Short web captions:
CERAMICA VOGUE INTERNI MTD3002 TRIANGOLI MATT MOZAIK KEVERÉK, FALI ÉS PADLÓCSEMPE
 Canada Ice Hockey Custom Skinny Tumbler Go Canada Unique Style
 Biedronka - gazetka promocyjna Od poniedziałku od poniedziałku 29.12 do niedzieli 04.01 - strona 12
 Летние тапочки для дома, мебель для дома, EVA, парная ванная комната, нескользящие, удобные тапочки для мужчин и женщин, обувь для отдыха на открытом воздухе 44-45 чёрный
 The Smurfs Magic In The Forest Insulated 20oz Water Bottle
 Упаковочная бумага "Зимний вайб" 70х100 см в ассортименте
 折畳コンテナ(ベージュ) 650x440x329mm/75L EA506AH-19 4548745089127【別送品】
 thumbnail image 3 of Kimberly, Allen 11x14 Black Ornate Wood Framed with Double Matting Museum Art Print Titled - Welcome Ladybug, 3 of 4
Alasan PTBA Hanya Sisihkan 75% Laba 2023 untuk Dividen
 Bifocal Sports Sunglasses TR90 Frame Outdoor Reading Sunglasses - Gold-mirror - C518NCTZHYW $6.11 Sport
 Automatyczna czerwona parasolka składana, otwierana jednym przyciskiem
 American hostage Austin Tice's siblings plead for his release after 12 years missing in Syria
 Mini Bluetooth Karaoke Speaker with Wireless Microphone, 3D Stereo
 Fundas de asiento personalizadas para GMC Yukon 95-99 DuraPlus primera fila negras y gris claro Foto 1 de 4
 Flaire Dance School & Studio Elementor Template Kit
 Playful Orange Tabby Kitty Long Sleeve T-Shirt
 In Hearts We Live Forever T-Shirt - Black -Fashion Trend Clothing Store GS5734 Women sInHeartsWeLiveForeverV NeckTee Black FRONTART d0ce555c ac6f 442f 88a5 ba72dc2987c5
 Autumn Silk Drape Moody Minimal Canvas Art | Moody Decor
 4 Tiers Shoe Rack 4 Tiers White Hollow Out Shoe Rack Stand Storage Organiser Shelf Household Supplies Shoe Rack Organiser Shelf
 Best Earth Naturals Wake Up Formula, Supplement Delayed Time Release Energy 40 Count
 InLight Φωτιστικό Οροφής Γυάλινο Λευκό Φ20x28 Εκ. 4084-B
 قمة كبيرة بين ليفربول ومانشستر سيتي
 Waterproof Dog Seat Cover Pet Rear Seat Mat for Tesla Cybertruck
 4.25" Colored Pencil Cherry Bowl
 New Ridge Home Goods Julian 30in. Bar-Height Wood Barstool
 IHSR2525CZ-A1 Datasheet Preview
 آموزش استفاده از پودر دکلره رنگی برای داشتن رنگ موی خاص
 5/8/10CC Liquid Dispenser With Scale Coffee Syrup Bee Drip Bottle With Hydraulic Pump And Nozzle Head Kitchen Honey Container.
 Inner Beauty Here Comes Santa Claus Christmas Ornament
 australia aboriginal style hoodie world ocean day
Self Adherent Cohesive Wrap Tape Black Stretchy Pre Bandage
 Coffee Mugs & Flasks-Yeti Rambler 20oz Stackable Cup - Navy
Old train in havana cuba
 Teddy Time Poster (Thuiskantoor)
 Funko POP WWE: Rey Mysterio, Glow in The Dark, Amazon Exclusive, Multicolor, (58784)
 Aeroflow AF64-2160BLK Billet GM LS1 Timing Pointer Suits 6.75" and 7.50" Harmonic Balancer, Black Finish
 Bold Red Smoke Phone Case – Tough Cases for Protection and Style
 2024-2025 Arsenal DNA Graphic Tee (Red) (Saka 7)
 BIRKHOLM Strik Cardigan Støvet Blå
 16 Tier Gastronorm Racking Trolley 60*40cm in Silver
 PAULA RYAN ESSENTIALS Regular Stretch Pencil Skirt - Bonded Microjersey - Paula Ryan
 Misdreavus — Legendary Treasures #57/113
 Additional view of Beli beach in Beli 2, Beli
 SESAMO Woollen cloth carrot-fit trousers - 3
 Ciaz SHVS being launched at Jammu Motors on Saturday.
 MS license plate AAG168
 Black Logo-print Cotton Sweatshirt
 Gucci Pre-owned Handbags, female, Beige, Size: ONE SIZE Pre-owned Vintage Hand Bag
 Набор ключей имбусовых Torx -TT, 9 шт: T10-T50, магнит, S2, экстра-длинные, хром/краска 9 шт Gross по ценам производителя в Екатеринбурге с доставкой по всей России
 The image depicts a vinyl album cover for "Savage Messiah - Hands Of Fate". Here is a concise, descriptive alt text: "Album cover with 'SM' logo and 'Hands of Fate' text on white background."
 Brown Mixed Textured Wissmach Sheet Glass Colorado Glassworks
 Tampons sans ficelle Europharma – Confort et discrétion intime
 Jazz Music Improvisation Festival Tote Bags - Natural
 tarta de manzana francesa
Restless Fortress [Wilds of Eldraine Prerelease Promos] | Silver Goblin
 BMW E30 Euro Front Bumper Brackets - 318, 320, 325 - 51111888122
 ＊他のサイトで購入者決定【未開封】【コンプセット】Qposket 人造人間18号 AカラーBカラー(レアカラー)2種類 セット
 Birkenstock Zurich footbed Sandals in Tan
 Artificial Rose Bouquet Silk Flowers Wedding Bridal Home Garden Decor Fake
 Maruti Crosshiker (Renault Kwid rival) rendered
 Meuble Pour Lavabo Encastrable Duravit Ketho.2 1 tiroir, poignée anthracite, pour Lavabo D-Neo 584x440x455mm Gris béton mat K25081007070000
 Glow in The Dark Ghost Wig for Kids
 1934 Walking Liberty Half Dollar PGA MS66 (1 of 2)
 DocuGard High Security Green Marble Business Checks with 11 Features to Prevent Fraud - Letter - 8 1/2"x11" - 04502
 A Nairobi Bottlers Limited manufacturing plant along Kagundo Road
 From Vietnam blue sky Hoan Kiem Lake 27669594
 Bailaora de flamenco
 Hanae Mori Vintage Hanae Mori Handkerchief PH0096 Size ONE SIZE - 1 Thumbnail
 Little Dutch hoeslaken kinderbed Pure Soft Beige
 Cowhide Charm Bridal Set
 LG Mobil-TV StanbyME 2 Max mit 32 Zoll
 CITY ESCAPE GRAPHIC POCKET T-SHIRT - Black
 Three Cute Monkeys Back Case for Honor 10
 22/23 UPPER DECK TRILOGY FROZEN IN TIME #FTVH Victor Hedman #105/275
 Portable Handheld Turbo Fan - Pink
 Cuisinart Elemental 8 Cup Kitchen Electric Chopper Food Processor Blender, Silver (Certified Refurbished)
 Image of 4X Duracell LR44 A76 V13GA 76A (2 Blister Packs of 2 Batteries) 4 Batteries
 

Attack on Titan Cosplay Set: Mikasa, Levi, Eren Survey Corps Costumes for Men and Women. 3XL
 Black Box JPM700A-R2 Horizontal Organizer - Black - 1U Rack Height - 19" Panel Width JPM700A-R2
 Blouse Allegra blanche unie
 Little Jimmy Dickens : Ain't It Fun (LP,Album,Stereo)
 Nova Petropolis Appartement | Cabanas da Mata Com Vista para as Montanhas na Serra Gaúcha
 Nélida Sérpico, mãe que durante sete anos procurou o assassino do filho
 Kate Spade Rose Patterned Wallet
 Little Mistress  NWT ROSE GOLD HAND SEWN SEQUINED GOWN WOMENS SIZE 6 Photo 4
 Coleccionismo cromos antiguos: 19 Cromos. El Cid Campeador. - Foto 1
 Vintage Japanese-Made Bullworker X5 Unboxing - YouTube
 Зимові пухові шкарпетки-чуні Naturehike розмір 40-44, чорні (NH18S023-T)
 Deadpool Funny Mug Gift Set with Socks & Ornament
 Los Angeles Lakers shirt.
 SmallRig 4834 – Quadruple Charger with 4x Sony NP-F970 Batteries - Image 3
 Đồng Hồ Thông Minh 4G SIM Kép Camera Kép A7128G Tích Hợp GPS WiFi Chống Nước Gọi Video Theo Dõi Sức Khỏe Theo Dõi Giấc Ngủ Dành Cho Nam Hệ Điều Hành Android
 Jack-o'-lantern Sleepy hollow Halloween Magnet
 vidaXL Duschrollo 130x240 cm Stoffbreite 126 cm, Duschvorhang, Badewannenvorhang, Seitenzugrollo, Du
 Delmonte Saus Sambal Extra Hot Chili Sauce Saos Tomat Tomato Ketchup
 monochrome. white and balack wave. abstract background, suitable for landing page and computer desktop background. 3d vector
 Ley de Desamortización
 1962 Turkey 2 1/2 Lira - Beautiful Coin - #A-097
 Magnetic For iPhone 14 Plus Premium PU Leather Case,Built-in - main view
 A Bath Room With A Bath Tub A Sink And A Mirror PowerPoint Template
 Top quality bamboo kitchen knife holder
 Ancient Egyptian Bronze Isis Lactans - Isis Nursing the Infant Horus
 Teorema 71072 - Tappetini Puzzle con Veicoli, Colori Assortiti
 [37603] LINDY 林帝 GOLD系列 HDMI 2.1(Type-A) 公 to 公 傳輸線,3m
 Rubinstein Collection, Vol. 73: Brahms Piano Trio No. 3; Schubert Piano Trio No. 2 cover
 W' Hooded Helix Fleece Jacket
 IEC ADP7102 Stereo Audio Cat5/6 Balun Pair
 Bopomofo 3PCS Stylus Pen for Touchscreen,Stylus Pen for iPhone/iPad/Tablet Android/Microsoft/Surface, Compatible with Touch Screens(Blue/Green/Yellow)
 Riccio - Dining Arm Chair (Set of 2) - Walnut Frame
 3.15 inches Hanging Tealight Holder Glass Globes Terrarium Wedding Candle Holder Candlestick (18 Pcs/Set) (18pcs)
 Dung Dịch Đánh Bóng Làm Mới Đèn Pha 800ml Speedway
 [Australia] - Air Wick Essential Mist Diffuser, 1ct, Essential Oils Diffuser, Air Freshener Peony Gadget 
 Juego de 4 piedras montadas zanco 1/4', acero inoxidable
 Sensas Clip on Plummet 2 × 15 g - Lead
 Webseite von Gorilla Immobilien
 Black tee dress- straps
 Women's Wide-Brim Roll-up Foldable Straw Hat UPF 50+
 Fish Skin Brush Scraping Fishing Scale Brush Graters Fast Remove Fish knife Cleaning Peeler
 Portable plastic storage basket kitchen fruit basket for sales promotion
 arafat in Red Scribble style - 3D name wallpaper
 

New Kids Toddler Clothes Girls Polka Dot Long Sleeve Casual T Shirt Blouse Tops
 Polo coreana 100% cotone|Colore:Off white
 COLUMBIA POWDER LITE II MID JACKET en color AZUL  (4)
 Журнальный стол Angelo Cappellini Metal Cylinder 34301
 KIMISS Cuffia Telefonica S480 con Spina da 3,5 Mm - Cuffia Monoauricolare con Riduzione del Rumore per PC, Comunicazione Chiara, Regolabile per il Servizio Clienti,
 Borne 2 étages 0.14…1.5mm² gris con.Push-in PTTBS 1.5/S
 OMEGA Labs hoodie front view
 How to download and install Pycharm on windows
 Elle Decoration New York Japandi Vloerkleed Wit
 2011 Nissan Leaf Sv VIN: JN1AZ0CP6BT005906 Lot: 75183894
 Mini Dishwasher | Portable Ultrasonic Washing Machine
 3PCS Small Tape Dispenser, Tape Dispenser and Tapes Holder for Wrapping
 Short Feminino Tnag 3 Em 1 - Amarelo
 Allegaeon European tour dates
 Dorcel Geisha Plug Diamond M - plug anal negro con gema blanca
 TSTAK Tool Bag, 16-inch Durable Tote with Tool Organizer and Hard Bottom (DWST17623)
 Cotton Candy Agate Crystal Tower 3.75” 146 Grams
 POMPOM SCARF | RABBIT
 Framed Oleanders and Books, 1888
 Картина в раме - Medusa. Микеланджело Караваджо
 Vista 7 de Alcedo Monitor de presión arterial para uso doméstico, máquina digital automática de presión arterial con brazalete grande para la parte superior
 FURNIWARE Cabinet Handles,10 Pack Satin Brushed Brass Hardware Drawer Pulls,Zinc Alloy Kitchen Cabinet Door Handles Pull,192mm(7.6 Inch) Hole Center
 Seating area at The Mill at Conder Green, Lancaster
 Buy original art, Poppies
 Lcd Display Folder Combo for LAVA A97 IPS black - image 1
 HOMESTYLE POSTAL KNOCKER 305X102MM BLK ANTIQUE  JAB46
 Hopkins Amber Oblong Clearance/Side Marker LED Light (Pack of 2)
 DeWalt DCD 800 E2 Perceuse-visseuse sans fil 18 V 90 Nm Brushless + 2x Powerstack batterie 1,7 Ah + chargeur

• WORK INSTRUCTION
When the line containing "Biedronka - gazetka" is reached, include it and stop. Until then, output each line of the entries exactly as given, starting from the first.

• SOLUTION TO THIS PROBLEM
CERAMICA VOGUE INTERNI MTD3002 TRIANGOLI MATT MOZAIK KEVERÉK, FALI ÉS PADLÓCSEMPE
 Canada Ice Hockey Custom Skinny Tumbler Go Canada Unique Style
 Biedronka - gazetka promocyjna Od poniedziałku od poniedziałku 29.12 do niedzieli 04.01 - strona 12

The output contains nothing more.